Dear Annie: My husband of nine years has a brother, "Daniel," whom I have never been comfortable with, but have tolerated. My husband's sister will not allow Daniel in her home, and another brother will not even speak to him.
Daniel lives several hours away and recently invited himself to visit for the weekend. He brought his new girlfriend, whom we did not invite or want to stay with us. He also brought his two daughters, ages 13 and 3, and left them unsupervised while he slept on the couch or stood outside and smoked. And he expected me to do his laundry.
The worst part is Daniel's foul mouth. Despite reminding him to keep it PG in front of our children, Daniel and his girlfriend constantly talked about sex. He made disgusting innuendos out of everything. On the third day, Daniel swore at my children because they accidentally woke him from his nap. That was the last straw. I told my husband I wanted Daniel out. He left, but refused to speak to me or even wave goodbye. What really upsets me is that the very next day, my husband talked to Daniel as if nothing had happened.
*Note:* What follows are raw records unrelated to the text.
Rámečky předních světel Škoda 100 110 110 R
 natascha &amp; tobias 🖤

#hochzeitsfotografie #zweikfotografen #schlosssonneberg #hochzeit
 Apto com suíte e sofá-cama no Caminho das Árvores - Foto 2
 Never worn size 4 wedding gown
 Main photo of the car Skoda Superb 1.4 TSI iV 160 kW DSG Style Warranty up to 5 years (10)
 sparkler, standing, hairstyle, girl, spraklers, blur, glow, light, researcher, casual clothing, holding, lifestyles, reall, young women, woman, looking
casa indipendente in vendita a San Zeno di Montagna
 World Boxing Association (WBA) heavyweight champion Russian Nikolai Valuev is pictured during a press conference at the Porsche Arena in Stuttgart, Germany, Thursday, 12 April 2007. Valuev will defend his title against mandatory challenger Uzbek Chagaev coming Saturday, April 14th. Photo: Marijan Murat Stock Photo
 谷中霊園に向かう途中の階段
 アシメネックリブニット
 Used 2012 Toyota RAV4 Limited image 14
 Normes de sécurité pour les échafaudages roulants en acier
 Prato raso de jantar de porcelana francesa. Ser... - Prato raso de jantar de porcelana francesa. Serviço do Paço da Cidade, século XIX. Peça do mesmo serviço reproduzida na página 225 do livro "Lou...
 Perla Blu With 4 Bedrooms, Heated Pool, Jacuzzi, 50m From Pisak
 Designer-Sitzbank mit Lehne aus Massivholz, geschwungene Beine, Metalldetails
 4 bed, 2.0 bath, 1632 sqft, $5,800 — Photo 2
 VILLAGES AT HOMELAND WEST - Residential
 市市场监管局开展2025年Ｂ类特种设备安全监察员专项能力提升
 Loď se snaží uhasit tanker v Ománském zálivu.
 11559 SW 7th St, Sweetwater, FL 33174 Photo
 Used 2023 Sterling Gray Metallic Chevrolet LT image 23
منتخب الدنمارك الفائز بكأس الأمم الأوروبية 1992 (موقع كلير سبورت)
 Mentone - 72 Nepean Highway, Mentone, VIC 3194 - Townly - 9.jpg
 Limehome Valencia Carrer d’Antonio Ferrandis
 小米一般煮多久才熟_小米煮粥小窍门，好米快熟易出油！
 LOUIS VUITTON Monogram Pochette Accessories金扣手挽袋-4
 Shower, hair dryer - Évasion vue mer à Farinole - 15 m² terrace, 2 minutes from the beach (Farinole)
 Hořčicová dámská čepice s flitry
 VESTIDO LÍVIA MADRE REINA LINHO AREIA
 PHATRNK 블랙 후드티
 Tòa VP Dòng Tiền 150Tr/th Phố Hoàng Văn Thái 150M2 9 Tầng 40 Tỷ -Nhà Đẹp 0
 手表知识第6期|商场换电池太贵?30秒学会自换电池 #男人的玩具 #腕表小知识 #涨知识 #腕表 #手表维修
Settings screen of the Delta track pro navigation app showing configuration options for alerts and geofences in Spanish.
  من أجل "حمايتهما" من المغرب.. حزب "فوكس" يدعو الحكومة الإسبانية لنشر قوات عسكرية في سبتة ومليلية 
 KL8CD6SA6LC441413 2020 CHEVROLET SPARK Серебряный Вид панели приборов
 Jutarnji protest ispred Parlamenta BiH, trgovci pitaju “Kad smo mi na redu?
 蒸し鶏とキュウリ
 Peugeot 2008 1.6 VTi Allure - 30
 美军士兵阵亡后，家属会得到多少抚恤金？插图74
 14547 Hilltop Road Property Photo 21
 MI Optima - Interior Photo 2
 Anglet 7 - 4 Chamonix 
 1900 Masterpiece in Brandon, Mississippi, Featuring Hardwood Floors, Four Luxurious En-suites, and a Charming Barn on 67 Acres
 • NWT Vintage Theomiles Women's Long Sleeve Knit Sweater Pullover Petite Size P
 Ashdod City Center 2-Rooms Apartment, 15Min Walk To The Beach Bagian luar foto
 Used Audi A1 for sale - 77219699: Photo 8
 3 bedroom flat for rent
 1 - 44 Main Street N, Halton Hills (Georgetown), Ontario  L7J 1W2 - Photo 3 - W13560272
I don't want Daniel in my home again. Furthermore, I don't want my husband speaking to him because it seems disrespectful to me. My husband disagrees. Do I have an obligation to allow Daniel into my home? Am I wrong to think my husband is betraying us by allowing such behavior without any repercussions? This is causing quite a rift. -- Lisa from California
Dear Lisa: Daniel sounds like a creep. You do not have to have him in your home, nor do you have to see him (those are the repercussions), but please don't tell your husband to cut off contact with his brother. That is not your decision to make, and your husband will resent you if you demand it. He can see Daniel on his own.